Simultaneously, he served American Express his demand for arbitration under the Agreement’s arbitration clause.
American Express filed a motion to stay the lawsuit for sixty days and requested the circuit court order Crelin to initiate arbitration; American Express stated it would be required for Crelin to initiate arbitration himself because the available arbitration forums would generally not accept debt collection actions against consumers. Crelin neither appeared at the hearing on the motion nor filed an objection. The circuit court granted the motion on September 22, 2021, and directed Crelin to initiate arbitration himself within sixty days.
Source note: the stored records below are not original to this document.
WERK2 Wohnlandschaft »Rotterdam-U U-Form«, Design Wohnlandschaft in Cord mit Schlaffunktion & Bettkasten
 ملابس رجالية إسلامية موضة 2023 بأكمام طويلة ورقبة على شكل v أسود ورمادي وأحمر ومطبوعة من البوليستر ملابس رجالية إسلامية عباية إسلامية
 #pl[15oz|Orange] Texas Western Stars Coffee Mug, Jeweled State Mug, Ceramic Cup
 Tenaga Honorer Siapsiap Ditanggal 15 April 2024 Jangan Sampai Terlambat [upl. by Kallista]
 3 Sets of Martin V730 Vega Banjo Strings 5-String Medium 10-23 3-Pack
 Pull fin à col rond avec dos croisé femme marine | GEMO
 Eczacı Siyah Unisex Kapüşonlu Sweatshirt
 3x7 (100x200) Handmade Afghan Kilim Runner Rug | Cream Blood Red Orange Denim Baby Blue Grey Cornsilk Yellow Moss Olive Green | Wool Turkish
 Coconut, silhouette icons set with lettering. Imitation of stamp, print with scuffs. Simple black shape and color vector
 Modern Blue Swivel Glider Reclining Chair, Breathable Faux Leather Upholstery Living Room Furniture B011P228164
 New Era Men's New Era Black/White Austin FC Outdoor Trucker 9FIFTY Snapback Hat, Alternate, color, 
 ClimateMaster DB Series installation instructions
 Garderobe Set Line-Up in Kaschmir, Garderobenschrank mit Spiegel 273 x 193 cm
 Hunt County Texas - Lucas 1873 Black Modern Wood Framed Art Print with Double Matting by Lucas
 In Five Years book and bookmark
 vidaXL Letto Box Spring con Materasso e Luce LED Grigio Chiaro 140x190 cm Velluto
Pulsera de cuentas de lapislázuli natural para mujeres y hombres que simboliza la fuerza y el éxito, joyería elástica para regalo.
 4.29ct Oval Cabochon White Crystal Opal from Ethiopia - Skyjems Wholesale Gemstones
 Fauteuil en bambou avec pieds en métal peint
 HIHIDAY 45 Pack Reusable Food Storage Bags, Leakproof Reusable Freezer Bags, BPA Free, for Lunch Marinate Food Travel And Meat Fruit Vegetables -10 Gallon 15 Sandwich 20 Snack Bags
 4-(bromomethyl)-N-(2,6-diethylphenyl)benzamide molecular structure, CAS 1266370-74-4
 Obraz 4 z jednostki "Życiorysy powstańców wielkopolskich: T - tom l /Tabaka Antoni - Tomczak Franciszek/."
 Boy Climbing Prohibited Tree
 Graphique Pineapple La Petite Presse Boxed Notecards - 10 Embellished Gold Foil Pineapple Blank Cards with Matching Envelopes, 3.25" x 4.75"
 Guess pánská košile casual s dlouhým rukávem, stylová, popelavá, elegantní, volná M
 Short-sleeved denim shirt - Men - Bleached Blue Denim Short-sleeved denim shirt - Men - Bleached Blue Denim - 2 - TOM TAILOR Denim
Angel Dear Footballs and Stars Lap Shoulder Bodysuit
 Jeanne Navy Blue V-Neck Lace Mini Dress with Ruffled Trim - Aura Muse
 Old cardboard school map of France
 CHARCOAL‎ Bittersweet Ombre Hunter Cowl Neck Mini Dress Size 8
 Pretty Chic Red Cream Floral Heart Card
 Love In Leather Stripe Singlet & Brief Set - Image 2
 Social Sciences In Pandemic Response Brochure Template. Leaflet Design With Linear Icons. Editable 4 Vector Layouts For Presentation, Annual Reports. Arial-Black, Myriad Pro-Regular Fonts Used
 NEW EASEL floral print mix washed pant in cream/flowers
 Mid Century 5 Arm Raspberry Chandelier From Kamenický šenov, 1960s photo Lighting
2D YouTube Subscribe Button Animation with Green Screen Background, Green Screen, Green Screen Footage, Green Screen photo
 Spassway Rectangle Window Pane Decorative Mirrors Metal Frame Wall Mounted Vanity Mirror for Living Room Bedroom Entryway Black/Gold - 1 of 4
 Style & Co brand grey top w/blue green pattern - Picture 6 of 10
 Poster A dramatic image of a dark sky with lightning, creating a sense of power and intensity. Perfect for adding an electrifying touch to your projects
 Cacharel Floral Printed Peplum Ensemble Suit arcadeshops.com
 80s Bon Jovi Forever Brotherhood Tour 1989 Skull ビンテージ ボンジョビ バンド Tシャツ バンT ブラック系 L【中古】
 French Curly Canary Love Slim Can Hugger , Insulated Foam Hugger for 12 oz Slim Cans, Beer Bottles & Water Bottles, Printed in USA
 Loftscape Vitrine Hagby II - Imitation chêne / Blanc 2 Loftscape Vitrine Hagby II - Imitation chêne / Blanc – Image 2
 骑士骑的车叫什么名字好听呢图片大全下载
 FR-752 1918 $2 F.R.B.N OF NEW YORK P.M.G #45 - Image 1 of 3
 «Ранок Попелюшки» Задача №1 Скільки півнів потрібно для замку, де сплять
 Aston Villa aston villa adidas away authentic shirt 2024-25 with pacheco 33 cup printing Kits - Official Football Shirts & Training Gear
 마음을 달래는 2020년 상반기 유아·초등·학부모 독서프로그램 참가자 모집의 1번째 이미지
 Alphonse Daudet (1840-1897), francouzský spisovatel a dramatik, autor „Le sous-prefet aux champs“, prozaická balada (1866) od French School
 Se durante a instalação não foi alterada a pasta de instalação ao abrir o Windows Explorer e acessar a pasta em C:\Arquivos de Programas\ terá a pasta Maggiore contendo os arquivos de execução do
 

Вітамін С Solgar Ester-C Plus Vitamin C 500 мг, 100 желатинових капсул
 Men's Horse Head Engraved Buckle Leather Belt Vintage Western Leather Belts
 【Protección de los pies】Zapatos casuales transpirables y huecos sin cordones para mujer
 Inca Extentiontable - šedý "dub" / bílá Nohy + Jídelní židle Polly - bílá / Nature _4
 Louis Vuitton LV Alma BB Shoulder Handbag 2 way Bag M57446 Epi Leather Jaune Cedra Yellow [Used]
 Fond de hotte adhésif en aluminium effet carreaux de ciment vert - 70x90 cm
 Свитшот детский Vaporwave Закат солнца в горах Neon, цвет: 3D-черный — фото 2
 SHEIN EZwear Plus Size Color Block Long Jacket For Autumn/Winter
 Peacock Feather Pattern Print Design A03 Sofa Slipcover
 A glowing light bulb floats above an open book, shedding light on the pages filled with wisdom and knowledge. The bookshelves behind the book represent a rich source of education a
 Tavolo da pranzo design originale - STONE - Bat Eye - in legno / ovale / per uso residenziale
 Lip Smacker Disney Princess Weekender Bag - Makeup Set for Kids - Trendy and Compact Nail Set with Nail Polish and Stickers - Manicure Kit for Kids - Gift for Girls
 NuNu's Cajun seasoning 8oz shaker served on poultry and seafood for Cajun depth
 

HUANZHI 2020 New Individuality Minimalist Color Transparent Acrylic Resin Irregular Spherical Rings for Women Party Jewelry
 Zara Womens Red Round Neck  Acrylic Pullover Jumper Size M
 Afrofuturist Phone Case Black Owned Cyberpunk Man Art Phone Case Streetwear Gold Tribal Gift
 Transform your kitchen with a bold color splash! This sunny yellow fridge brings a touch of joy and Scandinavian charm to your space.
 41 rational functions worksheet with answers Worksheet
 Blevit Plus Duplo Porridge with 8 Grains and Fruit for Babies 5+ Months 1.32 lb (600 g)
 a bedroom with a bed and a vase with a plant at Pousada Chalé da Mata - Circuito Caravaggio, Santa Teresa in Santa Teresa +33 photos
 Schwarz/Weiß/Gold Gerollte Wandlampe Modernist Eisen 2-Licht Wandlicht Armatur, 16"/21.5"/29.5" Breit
Crelin did not do so, and the stay was lifted.
American Express moved for summary judgment on January 13, 2022. Crelin filed an objection to summary judgment and a motion to compel arbitration the following day. The circuit court denied both motions. As to Crelin’s motion to compel arbitration, the circuit court stated it had already ruled on the issue: This Court has already ruled on the issue of arbitration by its Order entered on September 22, 2021 granting a stay of -2- the proceedings pending Defendant’s initiation of arbitration. The Court’s September 22, 2021 Order also provided that “[i]f the Defendant fails to initiate arbitration within sixty (60) days of this Order, this stay shall be automatically lifted and this matter shall be returned to the Court’s active docket.”
Record (R.) at 493-94.
Discovery began, and Crelin failed to produce responses to American Express’s discovery requests. American Express filed a renewed motion for summary judgment on August 2, 2023, which the circuit court granted on August 31, 2023. Crelin now appeals.
Crelin raises a single argument on appeal – that the circuit court erred in determining he waived his right to arbitration by not initiating it as directed.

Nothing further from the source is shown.